Какой уж там пролетариат, какая диктатура? Я видел из своего окошка во дворе пролетариат. У нас во дворе был гараж, там копошились в комбинезонах работяги, шоферюги, и бабушка запугивала меня, что я буду одним из них, если я не совершу над собой «сверхусилие». Какая там диктатура пролетариата? Где мой дед — и где эти шоферюги? Его шофер Пискулин носил к нам ящики с икрой и виноградом. Этого Пискулина я никогда не воспринимал как представителя пролетариата, осуществляющего диктатуру, — даже когда я узнал, что его дети или внуки на кого-то выучились, что кто-то из них, может быть, даже стал дипломатом. Для меня это было неприятным парадоксом, что кухаркины дети кем-то стали.
Я не мог принять вызов в адрес существующего, в адрес Бытия, как связанный с социально левым, с низами, как связанный с социальной несправедливостью. Несправедливость положения раба, которого лишают свободы, не дают есть, для меня не было негативным аспектом сущего, серьезным или центральным аспектом сущего. Протест против сущего связан не с тем, что человеческая жизнь плохо устроена, а с чем-то гораздо более глубоким… с фундаментальной болью. С чем он связан, предстояло еще найти.
…Уже в начале 90-х, когда я стал различать два тренда, два потока в советском феномене и пришел к выводу, что можно еще как-то рассматривать как попутчиков Савинкова, Каляева, Сазонова, Нечаева, Троцкого, IV интернационал. Они всё же оставили определенное политическое и идеологическое наследство.

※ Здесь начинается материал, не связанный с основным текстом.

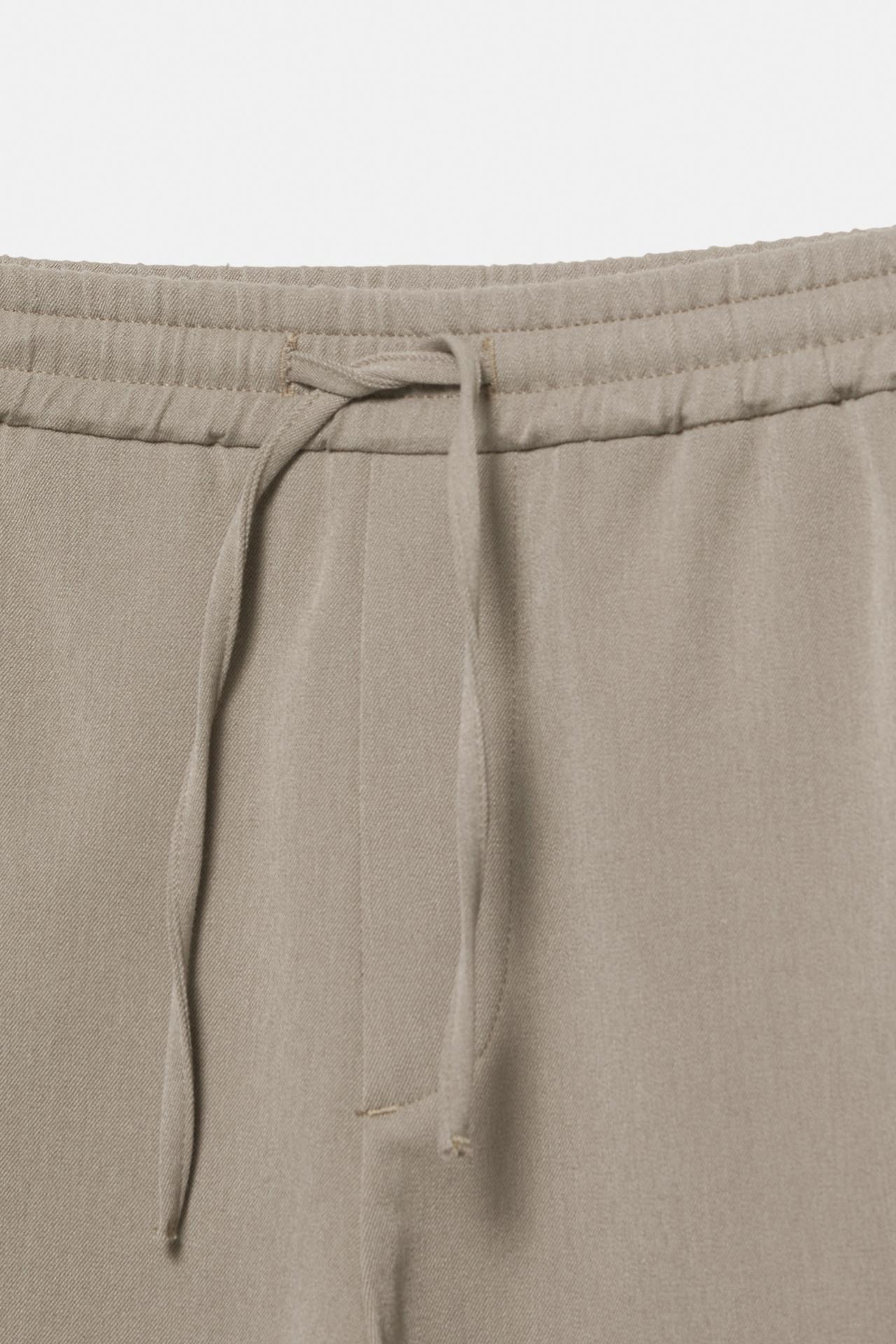 Tailored fit joggers — Taupe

Но дальше, когда Россия стала играть с советской темой, отказавшись от советского социального пакта с населением в пользу олигархической шкурности, когда она стала лицемерно муссировать своё советское прошлое до поражения в холодной войне, пришлось пересмотреть очень много и в этом направлении. Пришлось пересмотреть что-то и в отношении революционной традиции, в красной нити вызова, которая проходила через древность, Средние века, Возрождение, пришла к Робеспьеру, к якобинцам, потом перешла к Марксу.
В какой мере это не часть игры того Бытия, которое здесь генерирует, образует систему, являющуюся воплощением Бытия на уровне человечества? Ведь мы же не имеем прямого выхода на Бытие. У нас нет контакта с Бытием. Вместо прямого Бытия нам предъявлен социум, нечто, выступающее в качестве Рока, но в человеческом обличии, — механизмы неизбежности, осуществляемые людским аппаратом. У социума много измерений — семья, социальное положение, экономика. Всё это в сумме образует ткань неизбежности, ту органику, из которой берется коллективная судьба и индивидуальные судьбы.

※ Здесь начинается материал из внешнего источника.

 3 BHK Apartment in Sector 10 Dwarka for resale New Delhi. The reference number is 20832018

Но это не Бытие, это тень Бытия.
Когда человеческий фактор встречается с реальным Бытием, то оно действует крайне деструктивно. Потому что встреча с Бытием — это как встреча бензина с огнем или сухого дерева с огнем.

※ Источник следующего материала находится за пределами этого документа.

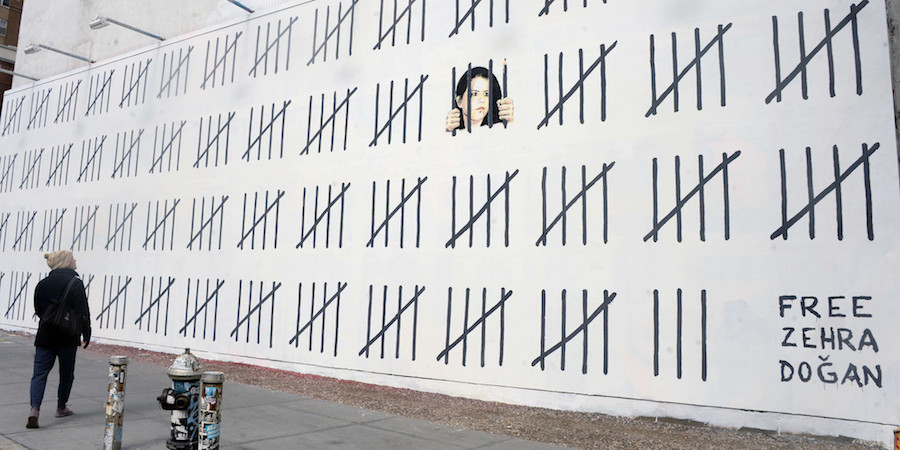 Εικόνα του άρθρου Η φυλακισμένη Ντογάν ευχαριστεί τον Banksy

Бытие действует на свои отражения, на вторичные свои проекции в виде человечества, в виде общества, как удар огня.
Поэтому контакт с Бытием сложный и опосредованный — через иерархию, аппарат власти, мистику и поповскую традицию, которая всегда является понтификатом, наведением мостов между отражением и оригиналом.
В конечном счете я понял, что Советский Союз был просто инструментом системы — не самым большим и серьезным, а вторичным. Вся революция в её пафосе, романтизме, в её молодой страсти является таким инструментом. Почему? Потому что она завязана на Бытие.
Горизонт любой революции онтологичен — он связан с Бытием, это коррекция Бытия, надежда на Бытие, взывание к Бытию, вера в потенции, которые содержатся в Бытии. Это вера в то, что Бытие есть Благо, пусть это Благо сейчас скрыто, но это Благо нужно из Бытия как-то вытащить. Это очень важно.